Solche Teilfälligkeiten kommen auch in anderen Konstellationen in Betracht.
Beispiel:
Im Mai 2020 hatte der Anwalt einen Antrag auf Erlass einer einstweiligen Verfügung eingereicht. Das Gericht hatte die beantragte einstweilige Verfügung ohne mündliche Verhandlung noch im Mai erlassen. Der Antragsgegner hat Widerspruch eingelegt, über den im Juli 2020 entschieden wird.

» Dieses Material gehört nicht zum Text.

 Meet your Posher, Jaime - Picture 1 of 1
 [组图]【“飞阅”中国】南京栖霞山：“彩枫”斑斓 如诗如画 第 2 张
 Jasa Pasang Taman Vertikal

Das gesamte einstweilige Verfügungsverfahren ist eine einzige Angelegenheit. Ungeachtet dessen ist mit dem Erlass der einstweiligen Verfügung zunächst einmal Fälligkeit der bis dahin angefallenen Vergütung nach § 8 Abs. 1 S. 2, 1. Var. RVG eingetreten, sodass der Anwalt seine bis dahin angefallene Vergütung mit 19 % Umsatzsteuer abrechnen konnte. Dadurch, dass sich die Angelegenheit aber aufgrund des Widerspruchs fortgesetzt hat und es sich insgesamt um eine einheitliche Angelegenheit handelt, die jetzt erst im Juli endet, gilt einheitlich der Umsatzsteuersatz von 16 %, sodass auch hier eine eventuell zuvor erteilte Rechnung hinsichtlich der Umsatzsteuer korrigiert werden muss. Man kann auch hier nicht von gesondert zu vergütenden Teilleistungen ausgehen.

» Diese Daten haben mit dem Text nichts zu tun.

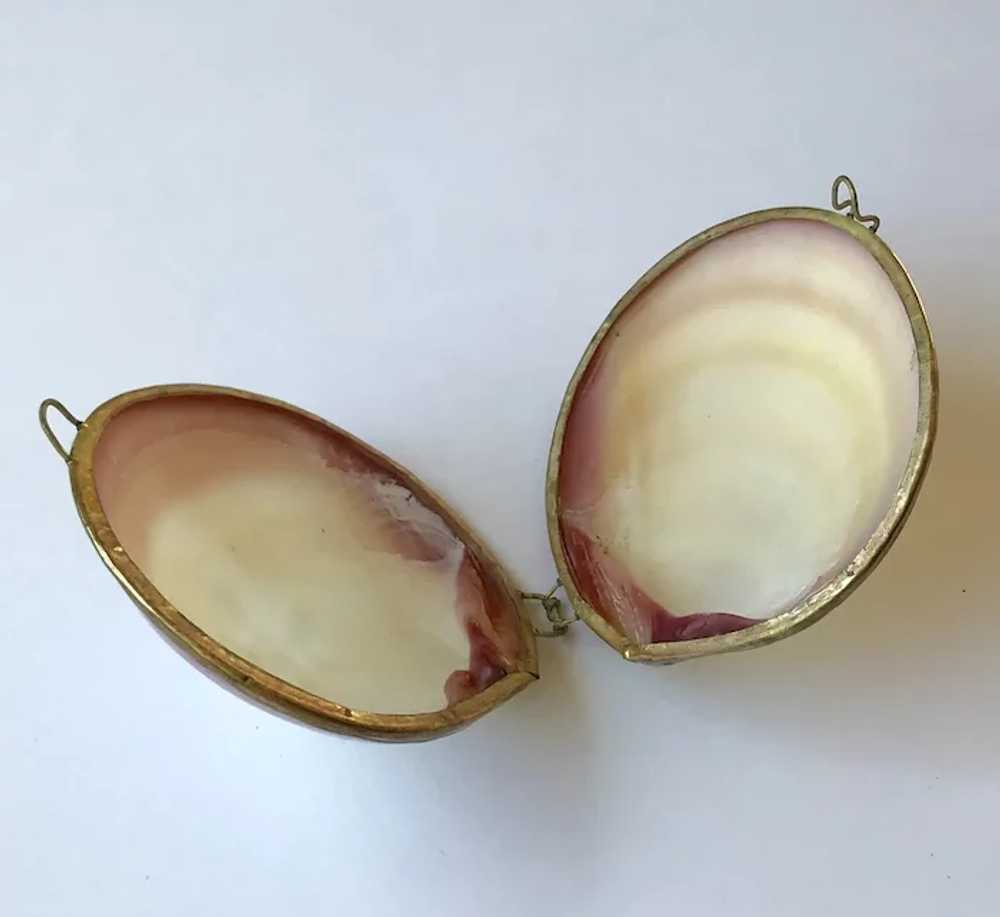 Natural Seashell Case - image 5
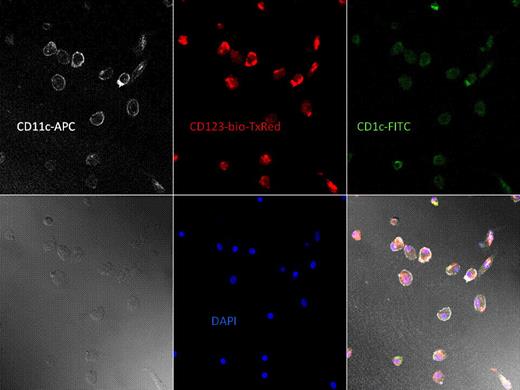 Figure 3. Non-Human Primate CD34+CD184+ Confocal Microscopy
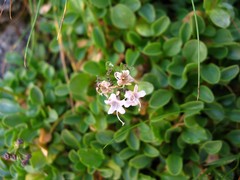Valeriana supina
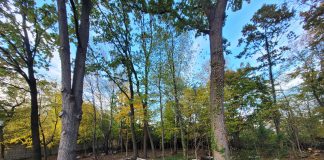 Park przy ul. Poniatowskiego w Piasecznie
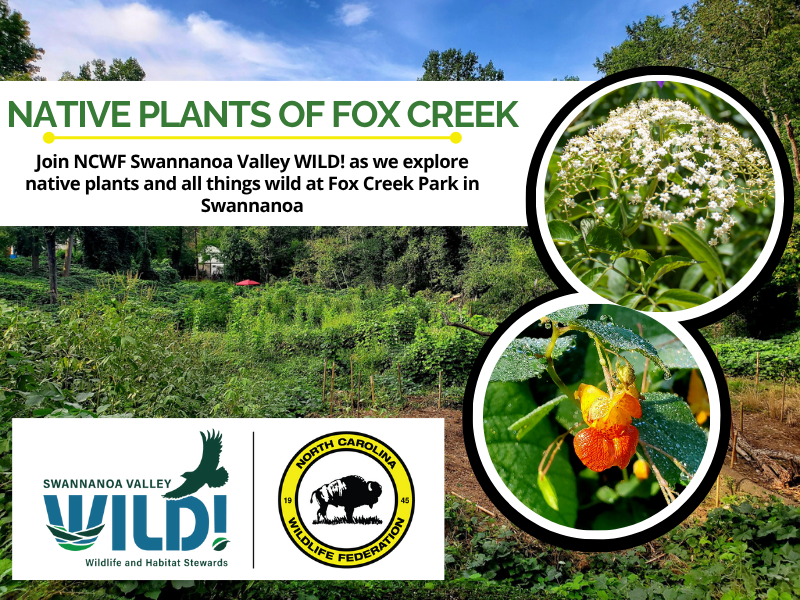 FoxCreekWalk FoxCreekWalk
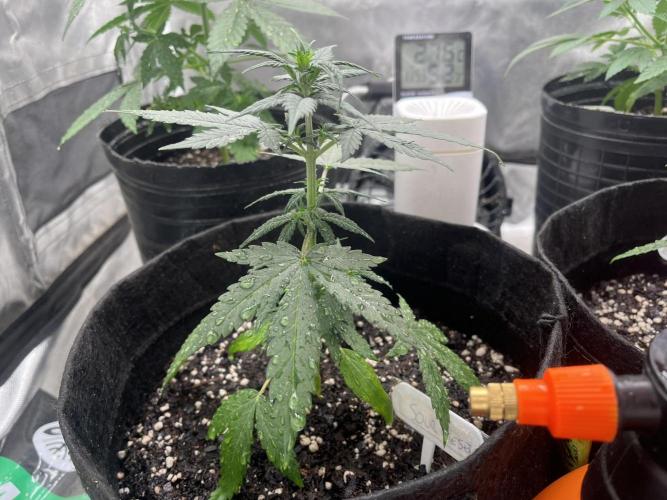 BSF 14/01/2026. Week 4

Des Weiteren kommen Teilfälligkeiten auch bei Stufenklagen vor, da hier stufenweise entschieden wird.
Beispiel:
Im März 2020 erhebt der Anwalt für seinen Mandanten eine Stufenklage auf Auskunft und Zahlung eines nach Auskunftserteilung noch zu beziffernden Pflichtteils. Im Mai 2020 wird über die Auskunft verhandelt und der Antragsgegner zur Auskunft verurteilt. Nach Auskunftserteilung wird im Oktober 2020 über den Zahlungsantrag verhandelt und entschieden.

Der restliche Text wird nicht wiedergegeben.